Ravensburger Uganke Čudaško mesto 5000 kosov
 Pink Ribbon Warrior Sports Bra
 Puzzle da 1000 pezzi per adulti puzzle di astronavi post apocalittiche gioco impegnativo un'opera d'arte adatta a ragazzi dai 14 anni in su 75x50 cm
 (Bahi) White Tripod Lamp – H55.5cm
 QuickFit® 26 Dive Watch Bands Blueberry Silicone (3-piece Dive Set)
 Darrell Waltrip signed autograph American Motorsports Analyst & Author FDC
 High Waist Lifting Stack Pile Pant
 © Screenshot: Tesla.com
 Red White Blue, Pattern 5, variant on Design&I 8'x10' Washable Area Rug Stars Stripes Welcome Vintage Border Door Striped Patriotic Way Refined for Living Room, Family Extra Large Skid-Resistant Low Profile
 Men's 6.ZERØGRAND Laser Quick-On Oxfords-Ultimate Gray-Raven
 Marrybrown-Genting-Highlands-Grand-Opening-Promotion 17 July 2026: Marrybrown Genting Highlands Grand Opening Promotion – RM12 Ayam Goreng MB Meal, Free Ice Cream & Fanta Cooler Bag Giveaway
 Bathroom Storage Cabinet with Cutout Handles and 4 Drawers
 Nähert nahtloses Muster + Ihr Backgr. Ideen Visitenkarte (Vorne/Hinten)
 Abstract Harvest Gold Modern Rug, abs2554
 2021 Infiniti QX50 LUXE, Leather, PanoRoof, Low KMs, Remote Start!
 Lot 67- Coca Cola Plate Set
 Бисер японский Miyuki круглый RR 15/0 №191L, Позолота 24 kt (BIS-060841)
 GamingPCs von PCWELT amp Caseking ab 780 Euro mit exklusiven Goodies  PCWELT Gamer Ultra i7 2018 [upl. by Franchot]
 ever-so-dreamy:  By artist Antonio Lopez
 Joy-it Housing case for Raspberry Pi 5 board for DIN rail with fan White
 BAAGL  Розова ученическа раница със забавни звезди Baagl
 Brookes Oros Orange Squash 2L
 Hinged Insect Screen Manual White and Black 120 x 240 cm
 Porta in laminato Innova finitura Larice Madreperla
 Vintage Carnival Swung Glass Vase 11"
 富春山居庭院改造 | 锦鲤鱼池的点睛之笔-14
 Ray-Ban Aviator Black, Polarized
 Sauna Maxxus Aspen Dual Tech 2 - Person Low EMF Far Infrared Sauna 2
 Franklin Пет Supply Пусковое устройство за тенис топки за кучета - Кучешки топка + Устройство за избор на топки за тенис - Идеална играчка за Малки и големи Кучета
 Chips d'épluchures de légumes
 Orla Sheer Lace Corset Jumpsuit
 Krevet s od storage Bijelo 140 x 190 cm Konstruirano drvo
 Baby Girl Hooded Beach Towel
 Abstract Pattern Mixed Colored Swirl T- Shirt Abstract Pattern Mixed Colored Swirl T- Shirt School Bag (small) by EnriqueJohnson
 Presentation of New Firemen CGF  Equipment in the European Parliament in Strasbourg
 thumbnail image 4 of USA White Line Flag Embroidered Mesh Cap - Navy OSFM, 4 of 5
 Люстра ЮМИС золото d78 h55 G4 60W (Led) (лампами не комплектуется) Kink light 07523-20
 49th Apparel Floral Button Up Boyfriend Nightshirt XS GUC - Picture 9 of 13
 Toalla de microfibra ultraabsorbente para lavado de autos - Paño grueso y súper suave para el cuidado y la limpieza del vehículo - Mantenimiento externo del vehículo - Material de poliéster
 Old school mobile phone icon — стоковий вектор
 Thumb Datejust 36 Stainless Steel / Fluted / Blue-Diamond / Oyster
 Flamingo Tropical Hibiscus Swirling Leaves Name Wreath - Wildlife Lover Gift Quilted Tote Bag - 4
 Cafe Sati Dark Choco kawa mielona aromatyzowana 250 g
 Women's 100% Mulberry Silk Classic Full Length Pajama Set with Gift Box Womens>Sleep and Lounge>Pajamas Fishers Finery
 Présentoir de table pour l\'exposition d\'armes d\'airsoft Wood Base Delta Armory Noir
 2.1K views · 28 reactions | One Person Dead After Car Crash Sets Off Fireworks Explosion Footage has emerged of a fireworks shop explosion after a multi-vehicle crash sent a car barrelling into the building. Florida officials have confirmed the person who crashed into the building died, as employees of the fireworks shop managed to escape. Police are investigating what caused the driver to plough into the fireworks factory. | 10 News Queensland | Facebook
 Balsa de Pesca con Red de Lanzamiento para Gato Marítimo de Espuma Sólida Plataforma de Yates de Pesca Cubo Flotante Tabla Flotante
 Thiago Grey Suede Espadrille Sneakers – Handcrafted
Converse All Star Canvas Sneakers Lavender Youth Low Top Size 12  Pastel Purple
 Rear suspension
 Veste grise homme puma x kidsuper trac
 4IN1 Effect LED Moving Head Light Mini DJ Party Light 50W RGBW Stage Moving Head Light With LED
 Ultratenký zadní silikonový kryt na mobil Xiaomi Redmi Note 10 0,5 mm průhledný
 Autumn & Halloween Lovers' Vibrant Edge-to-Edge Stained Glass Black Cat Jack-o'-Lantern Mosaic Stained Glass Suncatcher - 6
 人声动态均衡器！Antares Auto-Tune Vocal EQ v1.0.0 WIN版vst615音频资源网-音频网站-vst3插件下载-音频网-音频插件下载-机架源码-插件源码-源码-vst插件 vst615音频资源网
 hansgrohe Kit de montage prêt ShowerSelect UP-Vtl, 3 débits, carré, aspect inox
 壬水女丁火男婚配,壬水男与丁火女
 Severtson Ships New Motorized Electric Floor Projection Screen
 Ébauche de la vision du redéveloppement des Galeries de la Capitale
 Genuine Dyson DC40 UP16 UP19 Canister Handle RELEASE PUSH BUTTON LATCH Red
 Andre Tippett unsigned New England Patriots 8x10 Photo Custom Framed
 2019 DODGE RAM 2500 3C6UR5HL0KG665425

★ ★ ★ ★ ★

**Assignment**
Lines containing the word "Sneakers" are to be located in the entries and copied.

**Reply to the exercise**
 Thiago Grey Suede Espadrille Sneakers – Handcrafted
Converse All Star Canvas Sneakers Lavender Youth Low Top Size 12  Pastel Purple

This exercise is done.